A leading meteorologist who co-founded the Weather Channel has issued an open letter slamming global warming science and arguing that man-made climate change is a myth created to push a political agenda.
“There is no significant man-made global warming at this time, there has been none in the past, and there is no reason to fear any in the future,” wrote John Coleman, 80, who spent more than 60 years in weather broadcasting, The Daily Mail reported.
Mr. Coleman wrote the letter to UCLA’s Hammer Forum, which is expected to hold a Climate Change event Thursday in Los Angeles. He complains that the forum, which suggests that man-made climate change is a scientific fact, is doing people a disservice by not providing the opposite side of the issue.
“Efforts to prove the theory that carbon dioxide is a significant ’greenhouse’ gas and pollutant causing significant warming or weather effects have failed. There has been no warming over 18 years,” he writes, arguing that there are more than 9,000 other Ph.D. scientists who agree with him.

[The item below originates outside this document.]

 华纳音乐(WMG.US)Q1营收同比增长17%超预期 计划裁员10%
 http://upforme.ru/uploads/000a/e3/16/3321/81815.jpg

“Yet at your October 23 Hammer Forum on Climate Change you have scheduled as your only speakers two people who continue to present the failed science as though it is the final and complete story on global warming/climate change. This is [a] major mistake,” he continued. “I urge you to re-examine your plan. It is important to have those who attend know that there is no climate crisis.”

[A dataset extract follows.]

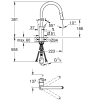 Одноважільний змішувач для мийки Grohe Concetto (31483002)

“I am the founder of The Weather Channel and a winner of the American Meteorological Society honor as Broadcast Meteorologist of the Year. I am not a wacko flat Earther. Nor am I a ’paid shill’ (as has been claimed) of the Koch Brothers. I am a serious professional. I am strongly urging you to reconsider your plan,” Mr. Coleman concluded before directing the reader to the website of the Nongovernmental International Panel on Climate Change.
The NIPCC’s role is to offer an second opinion of the evidence reviewed by the United Nation’s International Panel on Climate Change (IPCC), The Daily Mail reported.